Apple’s quietly revealed plan to include a SIM card in its new iPad Air 2 and iPad mini 3 was perhaps the biggest draw of an otherwise underwhelming launch event last week.
The company’s decision to let users choose data plans directly from their device without having to swap out a SIM or go through the rigmarole of contacting a network is nothing short of inspired.
Such an idea has been floated before, with concerns usually centred around users not being able to change devices easily.
But when it comes to tablets, that’s not as much of a worry. As Apple has found with struggling iPad sales, punters buy and stick with a slate for much longer than a smartphone.
But data deals change constantly and it’s easy to get stuck with one and lose the will to switch, what with having to either make endless calls or go into a shop and risk being up sold a new contract.
The chance to simply pick a new deal on your device and change to it right away is hugely powerful and puts consumers back in charge.
If you’ve paid outright for a tablet, you want to get the most out of it without having to hand over a fortune every month.
Then there’s the travel aspect.
As more networks come on board, the chances to pick a deal when you’re on the road and not pay exorbitant roaming fees is hugely enticing.
No need to search out a local SIM or rely on finding shaky free Wi–Fi, just a case of picking an offering and choosing it from the iPad’s Settings app.
But really, this is about more than the new iPad range. No other manufacturer would dare fire a warning shot like this to the networks, it’d be too risky.
But Apple’s strong sales and loyal user base, coupled with its history of pushing carriers hard for a better deal (it took huge cuts of monthly fees with early iPhone models), means it can and will get away with it.
And you can be sure this is just the start.
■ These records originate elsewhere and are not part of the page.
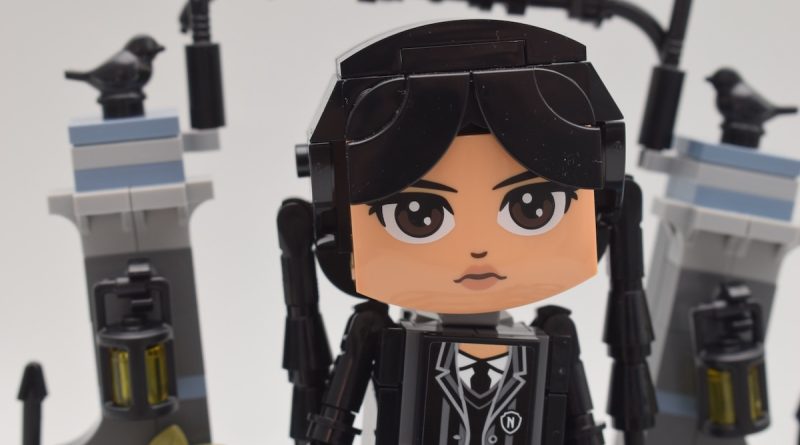 LEGO Wednesday 76780 Wednesday Addams Figure review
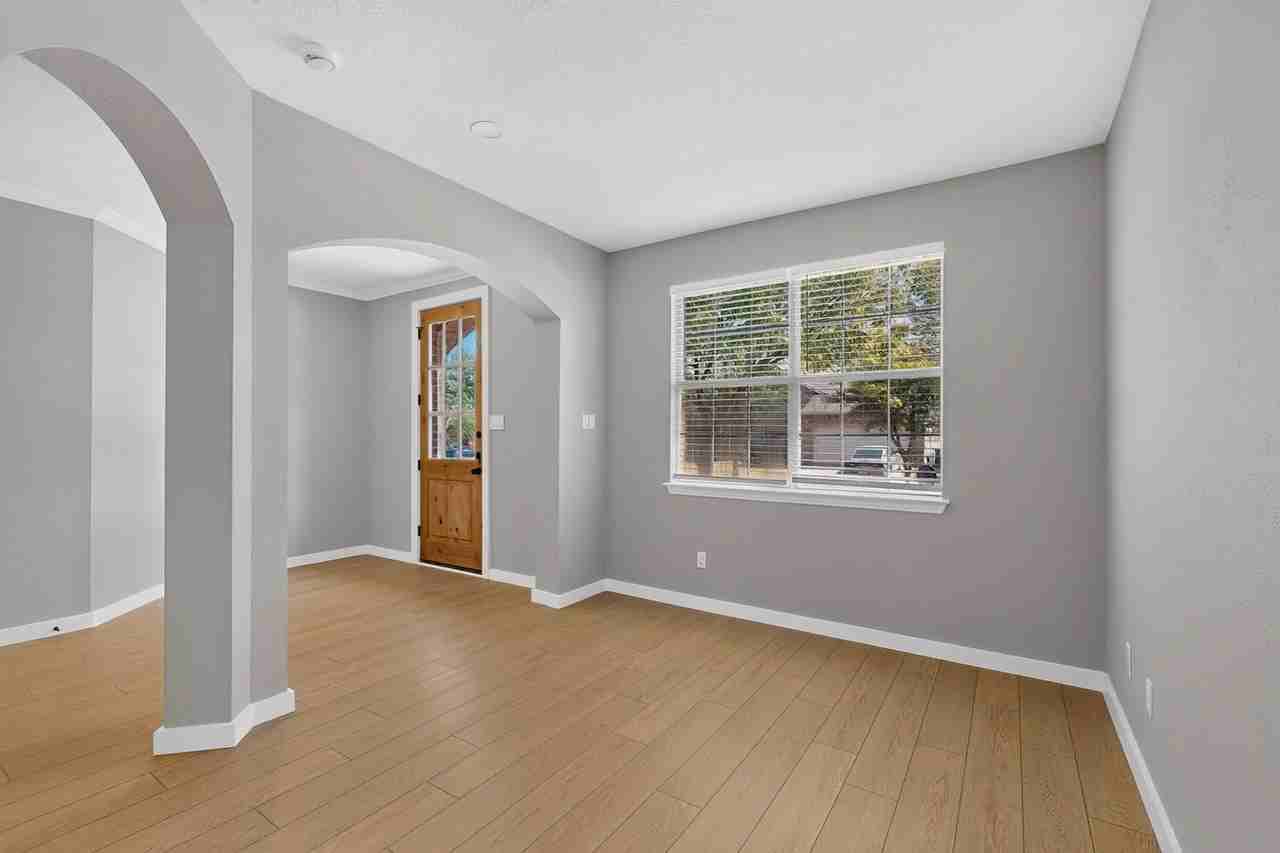 14525 Eaglemont Dr - Photo 7 of 47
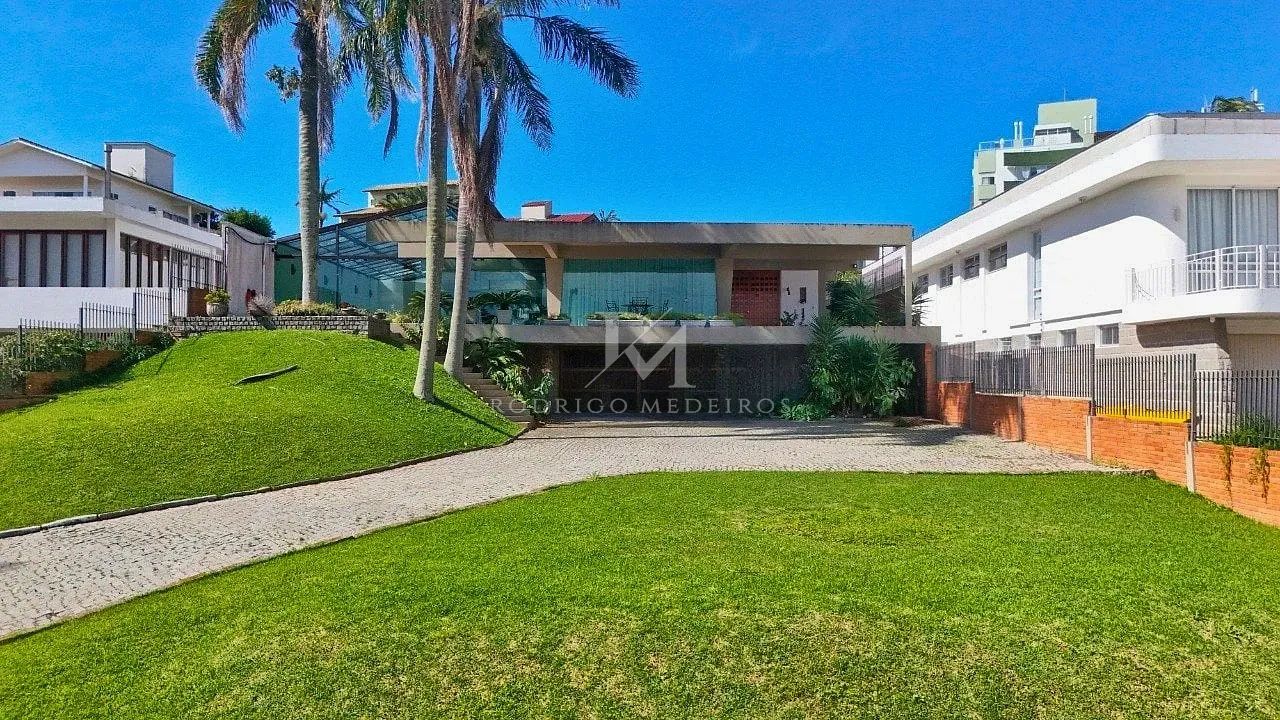 Casa com 4 suítes no Bom Abrigo Florianópolis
There has been a lot of chat about the iPhone getting such a SIM and it would be no surprise if Apple offered the same package as part of its 2015 iPhone range.
The idea of picking up a phone and then choosing your deal depending on who has the best offer at any given moment could revolutionise the mobile industry and put manufacturers on the front foot.
Networks would have to offer increasingly better deals and consumers would have better, instant choice.
Buying phones outright is becoming a popular way to snare the latest devices, with expensive, long term deals looking less and less attractive.
With a built in SIM, Apple can cut down on who users have to deal with and let them get on with getting to grips with their new devices.
If the iPad move is a success, don’t be surprised to see rival mobile makers follow suit.